Streiks sind - anders als noch vor einigen Jahrzehnten - gesetzlich ausdrücklich straffrei gestellt. Dies gelte natürlich dann nicht, wenn ein Streik unter Anwendung von Gewalt oder Einschüchterung geführt wird. An von Streiks betroffene Betriebe dürfen auch keine Arbeitnehmer:innen vermittelt oder überlassen werden; das AMS darf an streikbetroffene Betriebe auch keine Beschäftigungsbewilligungen für ausländische Arbeitskräfte erteilen. Umgekehrt haben streikende Arbeitnehmer:innen keinen Anspruch auf Arbeitslosengeld, so Kraft und Kronberger.

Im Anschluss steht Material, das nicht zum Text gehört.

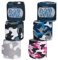 BAY® Camouflage Boxbandagen SCHWARZ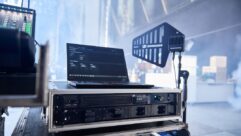 Sennheiser’s Spectera wideband, bidirectional wireless ecosystem at this year’s Academy of Country Music (ACM) Awards.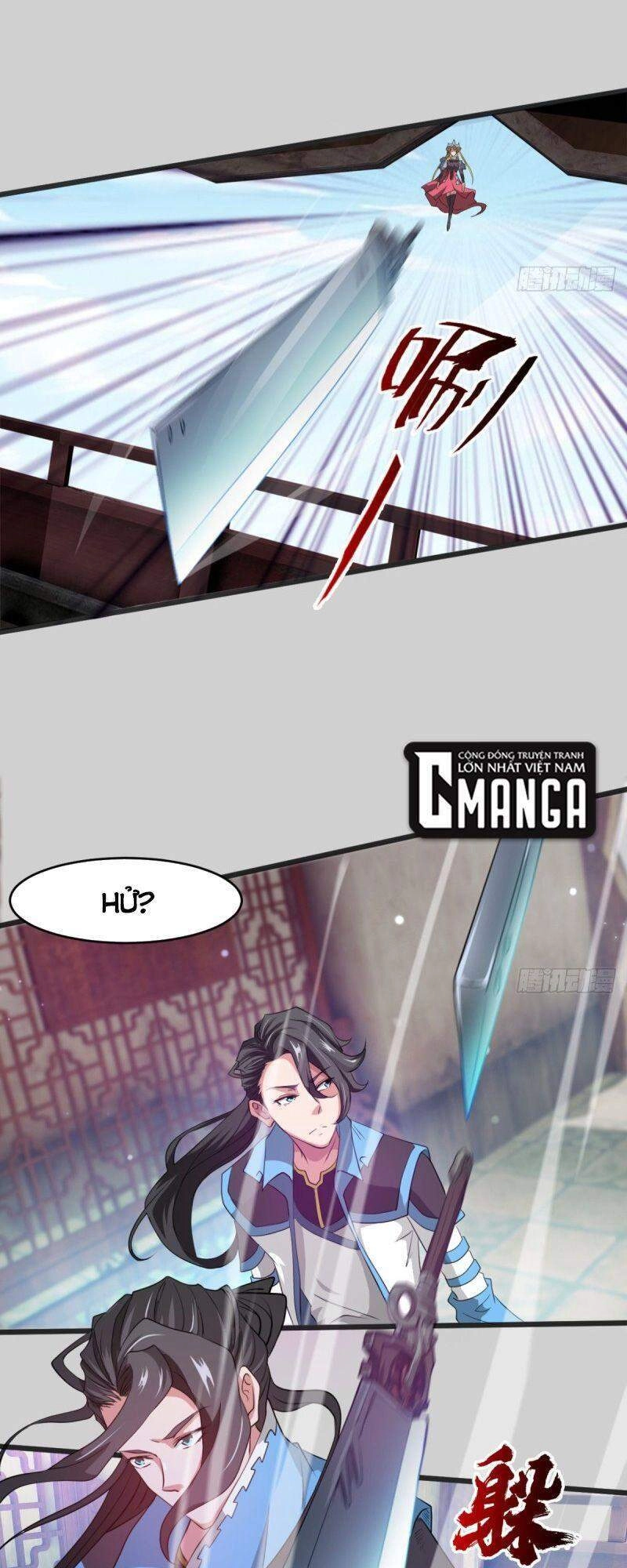 Ma Hoàng Sư Đệ Quả Thực Quá Chung Tình Chapter 30 - 17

2. Sind Streiks nur dann zulässig, wenn sie von der Gewerkschaft organisiert werden?
In Österreich wird – anders als z.B. in Deutschland - rechtlich nicht zwischen gewerkschaftlichen Streiks und ohne Gewerkschaft stattfindenden Streiks (sog. "Wilder Streik") unterschieden. Somit seien auch Streiks ohne Unterstützung der Gewerkschaft prinzipiell zulässig, wenn auch in der Praxis eher selten.
3. Können streikende Arbeitnehmer:innen verwarnt, gekündigt oder entlassen werden?
Weiters erklären die Expert:innen, dass die durch Artikel 11 EMRK geschützte Koalitionsfreiheit auch ein Streikrecht, welches insbesondere im Wege der Gute-Sitten-Klausel (§ 879 ABGB) auf das Dienstverhältnis einwirkt, umfasse. Daher werde bei Teilnahme von Arbeitnehmer:innen an einem rechtmäßigen die Arbeitspflicht ruhend gestellt, und der:die Arbeitgeber:in dürfe die Niederlegung der Arbeit mit keinen nachteiligen Konsequenzen (Verwarnung, Kündigung, Entlassung) sanktionieren. Spricht der:die Arbeitgeber:in trotzdem derlei aus, so sei dies rechtsunwirksam.
4. Haben streikende Arbeitnehmer:innen einen Entgeltanspruch? Wie sieht es mit nicht streikenden Kolleg:innen aus?
Streikende Arbeitnehmer:innen haben mangels Leistungsbereitschaft keinen Entgeltanspruch und sind demnach von der Sozialversicherung abzumelden.
Arbeitswillige Arbeitnehmer:innen, die aufgrund des Streiks an ihrer Arbeitsverrichtung gehindert sind, müssen gegenüber dem:der Arbeitgeber:in ihre Leistungsbereitschaft erklären, um ihren Entgeltanspruch zu wahren. Der:die Arbeitnehmer:in müsse seine Diensterbringung dem:der Arbeitgeber:in ausdrücklich anbieten, seine Leistungsbereitschaft also klar zu erkennen geben, stellen die Expert:innen des Vorlageportals abschließend klar.